(EXTRACTED INFORMATION begins)

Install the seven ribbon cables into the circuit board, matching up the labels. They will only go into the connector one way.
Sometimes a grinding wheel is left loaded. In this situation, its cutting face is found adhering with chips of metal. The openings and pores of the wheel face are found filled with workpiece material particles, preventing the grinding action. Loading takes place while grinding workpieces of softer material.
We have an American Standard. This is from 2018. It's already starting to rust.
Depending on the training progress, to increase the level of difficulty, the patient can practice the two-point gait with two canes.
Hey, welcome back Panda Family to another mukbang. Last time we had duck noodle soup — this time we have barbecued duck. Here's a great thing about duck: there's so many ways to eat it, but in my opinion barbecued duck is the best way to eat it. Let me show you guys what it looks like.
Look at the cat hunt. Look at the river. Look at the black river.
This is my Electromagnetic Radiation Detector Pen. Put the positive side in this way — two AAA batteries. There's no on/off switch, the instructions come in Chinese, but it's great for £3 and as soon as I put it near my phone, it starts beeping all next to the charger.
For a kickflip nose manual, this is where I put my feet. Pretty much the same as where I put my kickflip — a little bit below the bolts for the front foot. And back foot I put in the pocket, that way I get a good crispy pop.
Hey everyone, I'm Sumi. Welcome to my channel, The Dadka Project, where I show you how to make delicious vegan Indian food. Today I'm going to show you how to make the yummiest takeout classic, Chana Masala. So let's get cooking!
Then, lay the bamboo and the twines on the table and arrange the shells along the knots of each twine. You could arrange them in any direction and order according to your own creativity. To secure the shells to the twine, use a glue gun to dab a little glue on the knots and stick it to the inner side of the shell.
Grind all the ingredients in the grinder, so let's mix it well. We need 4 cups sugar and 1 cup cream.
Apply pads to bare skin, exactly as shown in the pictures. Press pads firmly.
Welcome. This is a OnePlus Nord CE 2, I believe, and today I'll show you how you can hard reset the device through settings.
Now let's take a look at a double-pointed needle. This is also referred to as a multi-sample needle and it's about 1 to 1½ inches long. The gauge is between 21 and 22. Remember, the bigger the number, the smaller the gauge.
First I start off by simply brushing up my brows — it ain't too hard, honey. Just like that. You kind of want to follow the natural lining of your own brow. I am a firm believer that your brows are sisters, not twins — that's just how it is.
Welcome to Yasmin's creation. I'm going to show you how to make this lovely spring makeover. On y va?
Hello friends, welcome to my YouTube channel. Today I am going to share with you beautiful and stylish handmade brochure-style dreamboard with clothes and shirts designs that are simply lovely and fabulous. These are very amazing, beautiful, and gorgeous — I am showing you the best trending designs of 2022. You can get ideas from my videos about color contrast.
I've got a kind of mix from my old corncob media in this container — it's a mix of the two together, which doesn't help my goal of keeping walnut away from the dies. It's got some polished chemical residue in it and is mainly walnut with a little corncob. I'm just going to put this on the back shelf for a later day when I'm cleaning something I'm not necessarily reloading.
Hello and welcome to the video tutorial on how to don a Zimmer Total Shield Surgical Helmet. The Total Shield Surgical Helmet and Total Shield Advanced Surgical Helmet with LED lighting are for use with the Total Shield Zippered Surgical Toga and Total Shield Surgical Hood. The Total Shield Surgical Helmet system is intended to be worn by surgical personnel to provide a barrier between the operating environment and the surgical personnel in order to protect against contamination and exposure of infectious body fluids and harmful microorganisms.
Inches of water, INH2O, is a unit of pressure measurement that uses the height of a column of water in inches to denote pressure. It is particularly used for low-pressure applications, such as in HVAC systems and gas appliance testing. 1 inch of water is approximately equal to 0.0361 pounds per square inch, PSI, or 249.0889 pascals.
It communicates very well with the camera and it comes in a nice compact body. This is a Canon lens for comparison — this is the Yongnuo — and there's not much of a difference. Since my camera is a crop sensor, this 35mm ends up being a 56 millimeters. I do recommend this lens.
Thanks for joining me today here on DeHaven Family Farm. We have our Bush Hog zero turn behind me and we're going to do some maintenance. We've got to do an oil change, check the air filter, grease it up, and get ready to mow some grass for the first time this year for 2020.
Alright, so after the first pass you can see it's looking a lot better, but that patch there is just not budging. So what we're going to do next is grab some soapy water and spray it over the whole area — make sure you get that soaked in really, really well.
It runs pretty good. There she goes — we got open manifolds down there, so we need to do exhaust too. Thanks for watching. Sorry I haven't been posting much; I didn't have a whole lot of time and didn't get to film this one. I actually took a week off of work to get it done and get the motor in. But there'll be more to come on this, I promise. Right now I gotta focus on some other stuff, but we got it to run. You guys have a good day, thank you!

(EXTRACTED INFORMATION ends)

▸ **EXERCISE**:
Copy out all of the lines above exactly.

▸ **ANSWER**:
Install the seven ribbon cables into the circuit board, matching up the labels. They will only go into the connector one way.
Sometimes a grinding wheel is left loaded. In this situation, its cutting face is found adhering with chips of metal. The openings and pores of the wheel face are found filled with workpiece material particles, preventing the grinding action. Loading takes place while grinding workpieces of softer material.
We have an American Standard. This is from 2018. It's already starting to rust.
Depending on the training progress, to increase the level of difficulty, the patient can practice the two-point gait with two canes.
Hey, welcome back Panda Family to another mukbang. Last time we had duck noodle soup — this time we have barbecued duck. Here's a great thing about duck: there's so many ways to eat it, but in my opinion barbecued duck is the best way to eat it. Let me show you guys what it looks like.
Look at the cat hunt. Look at the river. Look at the black river.
This is my Electromagnetic Radiation Detector Pen. Put the positive side in this way — two AAA batteries. There's no on/off switch, the instructions come in Chinese, but it's great for £3 and as soon as I put it near my phone, it starts beeping all next to the charger.
For a kickflip nose manual, this is where I put my feet. Pretty much the same as where I put my kickflip — a little bit below the bolts for the front foot. And back foot I put in the pocket, that way I get a good crispy pop.
Hey everyone, I'm Sumi. Welcome to my channel, The Dadka Project, where I show you how to make delicious vegan Indian food. Today I'm going to show you how to make the yummiest takeout classic, Chana Masala. So let's get cooking!
Then, lay the bamboo and the twines on the table and arrange the shells along the knots of each twine. You could arrange them in any direction and order according to your own creativity. To secure the shells to the twine, use a glue gun to dab a little glue on the knots and stick it to the inner side of the shell.
Grind all the ingredients in the grinder, so let's mix it well. We need 4 cups sugar and 1 cup cream.
Apply pads to bare skin, exactly as shown in the pictures. Press pads firmly.
Welcome. This is a OnePlus Nord CE 2, I believe, and today I'll show you how you can hard reset the device through settings.
Now let's take a look at a double-pointed needle. This is also referred to as a multi-sample needle and it's about 1 to 1½ inches long. The gauge is between 21 and 22. Remember, the bigger the number, the smaller the gauge.
First I start off by simply brushing up my brows — it ain't too hard, honey. Just like that. You kind of want to follow the natural lining of your own brow. I am a firm believer that your brows are sisters, not twins — that's just how it is.
Welcome to Yasmin's creation. I'm going to show you how to make this lovely spring makeover. On y va?
Hello friends, welcome to my YouTube channel. Today I am going to share with you beautiful and stylish handmade brochure-style dreamboard with clothes and shirts designs that are simply lovely and fabulous. These are very amazing, beautiful, and gorgeous — I am showing you the best trending designs of 2022. You can get ideas from my videos about color contrast.
I've got a kind of mix from my old corncob media in this container — it's a mix of the two together, which doesn't help my goal of keeping walnut away from the dies. It's got some polished chemical residue in it and is mainly walnut with a little corncob. I'm just going to put this on the back shelf for a later day when I'm cleaning something I'm not necessarily reloading.
Hello and welcome to the video tutorial on how to don a Zimmer Total Shield Surgical Helmet. The Total Shield Surgical Helmet and Total Shield Advanced Surgical Helmet with LED lighting are for use with the Total Shield Zippered Surgical Toga and Total Shield Surgical Hood. The Total Shield Surgical Helmet system is intended to be worn by surgical personnel to provide a barrier between the operating environment and the surgical personnel in order to protect against contamination and exposure of infectious body fluids and harmful microorganisms.
Inches of water, INH2O, is a unit of pressure measurement that uses the height of a column of water in inches to denote pressure. It is particularly used for low-pressure applications, such as in HVAC systems and gas appliance testing. 1 inch of water is approximately equal to 0.0361 pounds per square inch, PSI, or 249.0889 pascals.
It communicates very well with the camera and it comes in a nice compact body. This is a Canon lens for comparison — this is the Yongnuo — and there's not much of a difference. Since my camera is a crop sensor, this 35mm ends up being a 56 millimeters. I do recommend this lens.
Thanks for joining me today here on DeHaven Family Farm. We have our Bush Hog zero turn behind me and we're going to do some maintenance. We've got to do an oil change, check the air filter, grease it up, and get ready to mow some grass for the first time this year for 2020.
Alright, so after the first pass you can see it's looking a lot better, but that patch there is just not budging. So what we're going to do next is grab some soapy water and spray it over the whole area — make sure you get that soaked in really, really well.
It runs pretty good. There she goes — we got open manifolds down there, so we need to do exhaust too. Thanks for watching. Sorry I haven't been posting much; I didn't have a whole lot of time and didn't get to film this one. I actually took a week off of work to get it done and get the motor in. But there'll be more to come on this, I promise. Right now I gotta focus on some other stuff, but we got it to run. You guys have a good day, thank you!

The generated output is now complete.